● **Data excerpt**
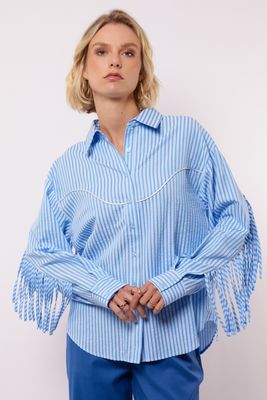Fluresk Marelia blouse Blauw met franjes
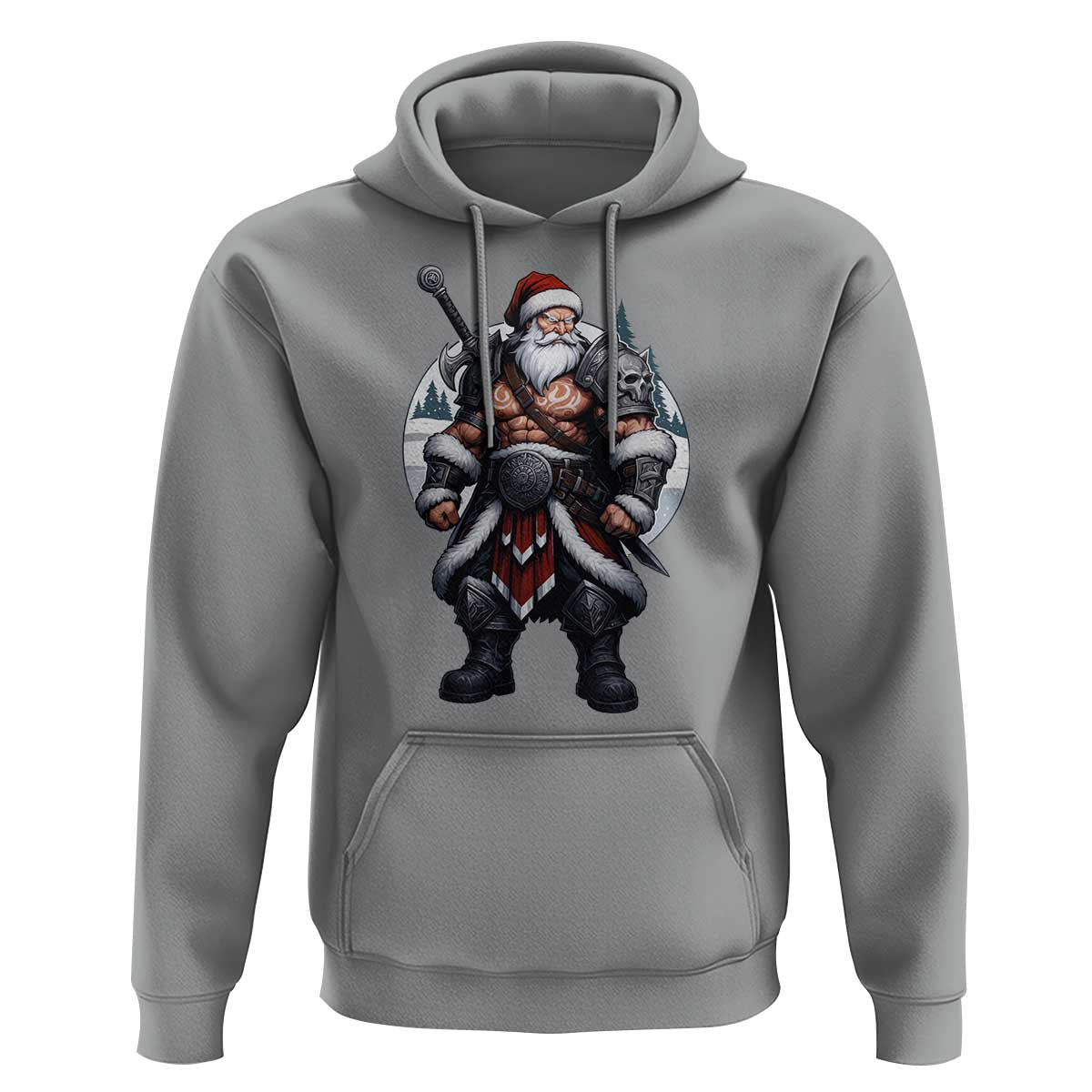 Epic Viking Santa Christmas Hoodie Barbarian Style Holiday Warrior Claus - Wonder Print Shop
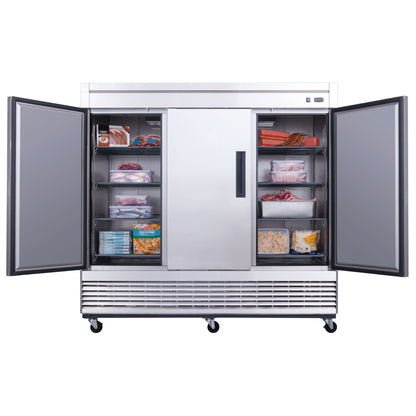Chef AAA - T83R Commercial 83" Reach-In Refrigerator 3 Solid Door Stainless Steel 64 cu.ft. - T83R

● **Prompt**
Omit the pictures and give the material again, exactly and in full.

● **Answer for this exercise**
Fluresk Marelia blouse Blauw met franjes
 Epic Viking Santa Christmas Hoodie Barbarian Style Holiday Warrior Claus - Wonder Print Shop
Chef AAA - T83R Commercial 83" Reach-In Refrigerator 3 Solid Door Stainless Steel 64 cu.ft. - T83R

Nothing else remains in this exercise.